Posted on May 18, 23

4 min read

A funeral will be held today for OPP Sgt. Eric Mueller, murdered last week after responding to a call in Bourget, a town near Ottawa.

Two other officers were injured. Police subsequently arrested a 39-year-old Bourget man, Alain Bellefeuille, and charged him with first degree murder and two counts of attempted murder.

Such shootings aren’t exactly rare in this country, but we don’t typically equate Canada with the kind of gun violence that’s an everyday occurrence in the United States.

Canada has strict gun laws on the books. In the wake of last week’s shooting, the federal government is indicating more must be done. Restrictions may be appropriate, but the efficacy of such programs remains up in the air.

One thing we do know is that criminal gun violence is becoming more prevalent. Statistics Canada reports that criminal use of firearms increased by 81 per cent between 2009 and 2019. The use of firearms in violent crime rose 25 per cent between 2012 and 2021. One in three homicides involves guns.

As has consistently been the case, handguns were the type of firearm most commonly present in firearm-related violent crime in 2021. This was especially the case in urban areas, while rifles or shotguns were more commonly present in firearm-related violent crime in rural areas.

The numbers appear to back up an increasing fear of violence register by Canadians. Public Safety Canada reports that almost half of us feel gun violence is a threat to our communities.

Fear is an important factor. Unlike in the US, growing fear – fed there by daily reports of mass shootings and other gun-related crimes – has not led to even greater proliferation of guns. Canadians can’t simply go out an acquire at will any kind of firearm, let alone handguns and assault rifles.

In the US, guns are a booming business, fed by a gun culture unlike any other. There are more guns in private hands than people in the USA, with some 40 per cent living in homes where guns are present. Year after year, those with guns cite personal protection as the rationale for owning firearms. Fear.

As society grows more divided, violence more prevalent  and life deemed less safe – or at least perceived as such – guns become even more commonplace. The reality is, nobody is any safer.

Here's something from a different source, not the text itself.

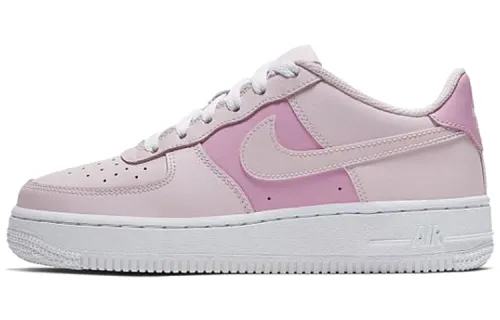 Nike Air Force 1 Pink Foam GS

“For all the talk of protection, gun violence is now the leading cause of death for children and teens in the United States. Yet over and over, people told me they needed their guns to keep themselves safe,” Washington Post columnist Christine Emba writes in a piece this week.

“Safe from what? Most couldn’t answer; they simply had a feeling that the world had become a more dangerous place. How would they use their guns in a crisis? Their confidence in their own abilities seemed inflated.”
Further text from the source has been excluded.